(Beginning of Material for this exercise)

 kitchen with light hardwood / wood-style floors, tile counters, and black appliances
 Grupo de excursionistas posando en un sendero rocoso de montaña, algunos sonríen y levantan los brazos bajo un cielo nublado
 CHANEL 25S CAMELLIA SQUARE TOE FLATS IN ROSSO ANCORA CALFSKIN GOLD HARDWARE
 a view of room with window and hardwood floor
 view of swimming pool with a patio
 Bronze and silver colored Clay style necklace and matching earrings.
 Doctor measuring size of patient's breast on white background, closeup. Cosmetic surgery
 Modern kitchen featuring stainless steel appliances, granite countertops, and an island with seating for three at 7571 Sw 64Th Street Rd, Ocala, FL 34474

(End of Material for this exercise)
(Beginning of Material for this exercise)

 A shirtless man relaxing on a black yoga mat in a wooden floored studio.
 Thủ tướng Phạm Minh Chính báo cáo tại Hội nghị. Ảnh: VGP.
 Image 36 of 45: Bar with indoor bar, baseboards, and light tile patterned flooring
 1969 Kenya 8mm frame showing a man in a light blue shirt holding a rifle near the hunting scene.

(End of Material for this exercise)
(Beginning of Material for this exercise)

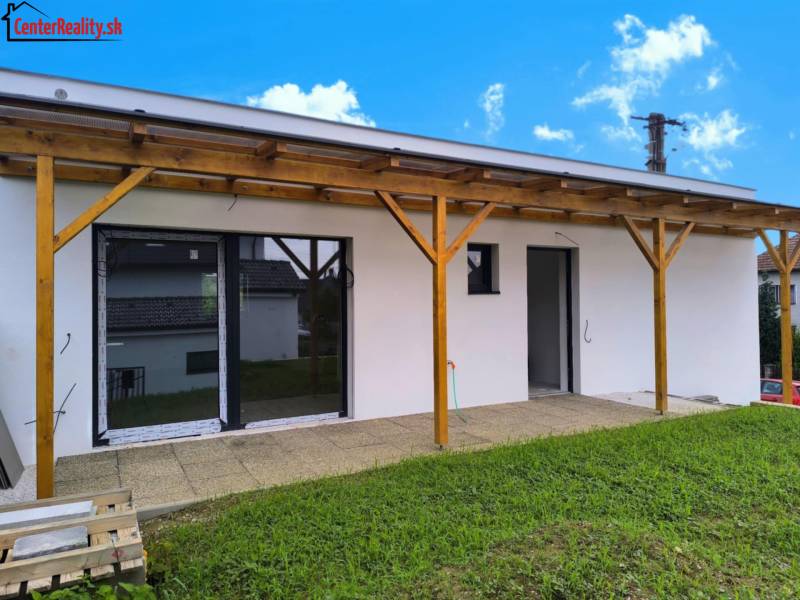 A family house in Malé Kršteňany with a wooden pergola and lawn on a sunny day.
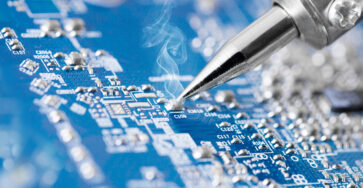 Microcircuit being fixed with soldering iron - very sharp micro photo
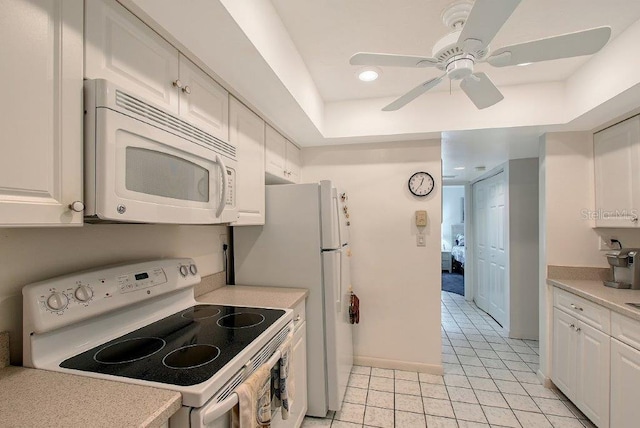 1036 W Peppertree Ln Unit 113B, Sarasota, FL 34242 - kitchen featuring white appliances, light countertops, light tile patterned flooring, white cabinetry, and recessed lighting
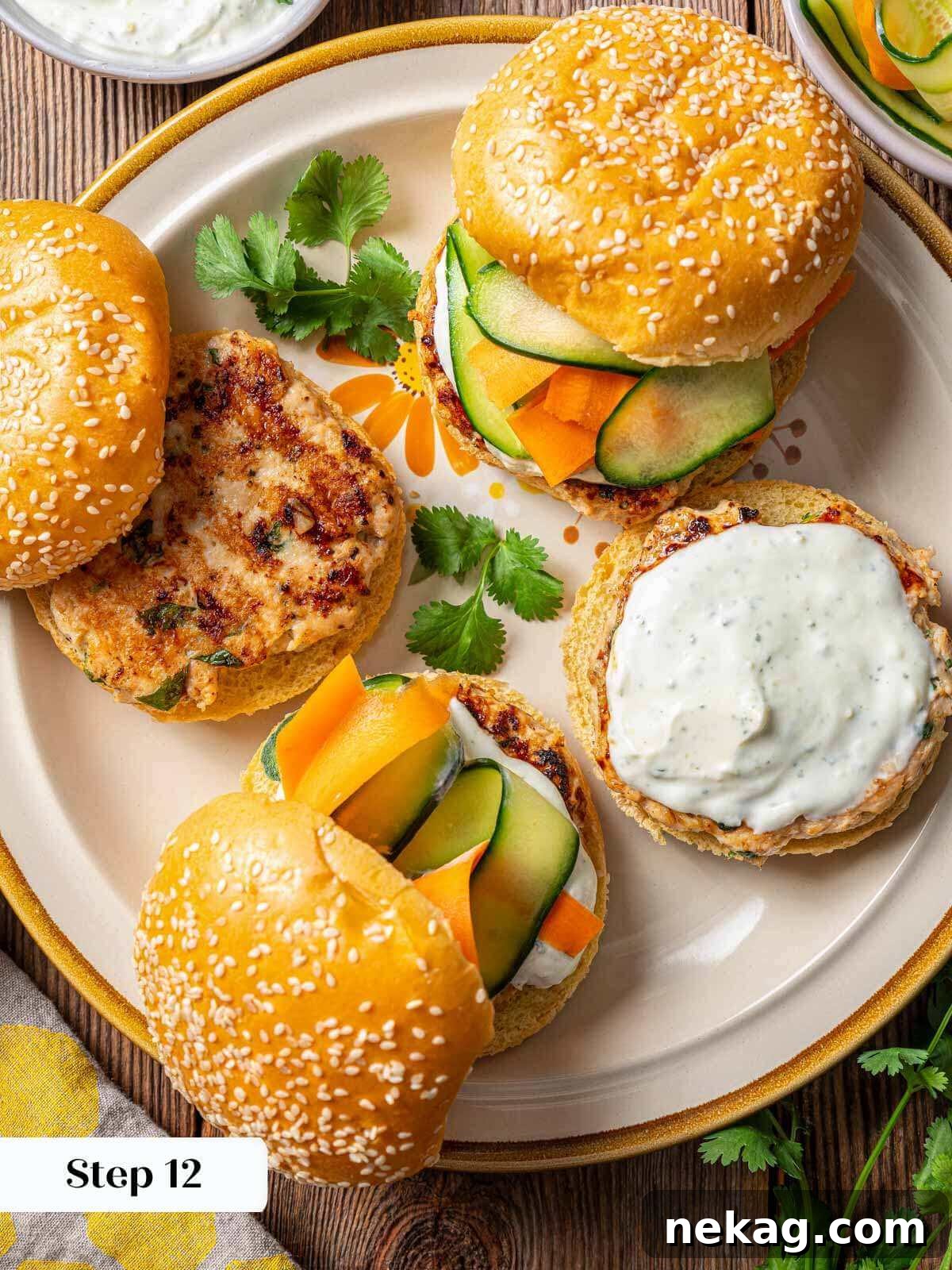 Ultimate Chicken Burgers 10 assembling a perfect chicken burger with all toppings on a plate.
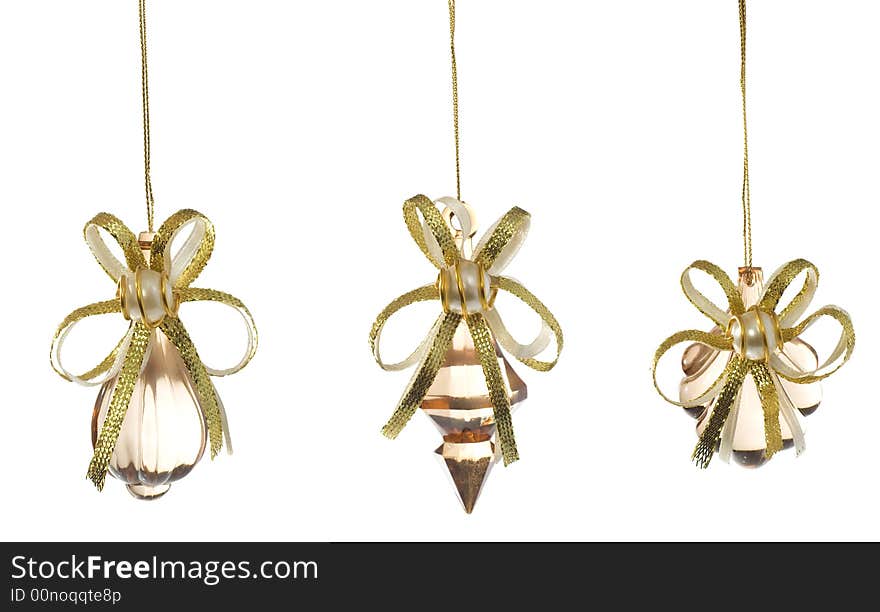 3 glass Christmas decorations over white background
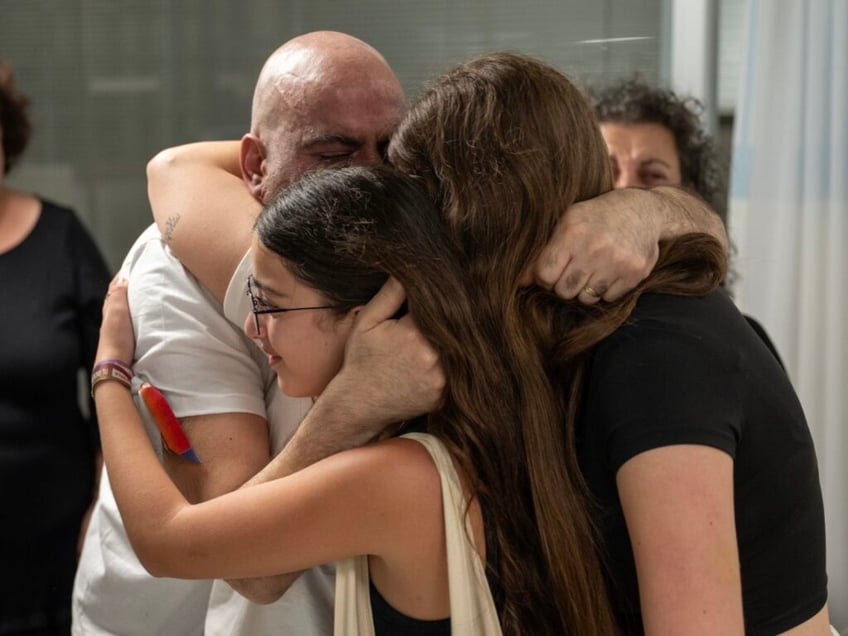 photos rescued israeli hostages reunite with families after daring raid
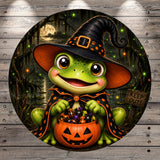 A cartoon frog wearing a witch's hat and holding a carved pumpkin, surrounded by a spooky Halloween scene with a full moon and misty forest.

(End of Material for this exercise)

**Work to be completed**
Print nothing except the lines above from the one containing "Ultimate Chicken Burgers" down to the one containing "A cartoon frog", both included, exactly as written and free of pictures.

**Your solution**
 Ultimate Chicken Burgers 10 assembling a perfect chicken burger with all toppings on a plate.
 3 glass Christmas decorations over white background
 photos rescued israeli hostages reunite with families after daring raid
 A cartoon frog wearing a witch's hat and holding a carved pumpkin, surrounded by a spooky Halloween scene with a full moon and misty forest.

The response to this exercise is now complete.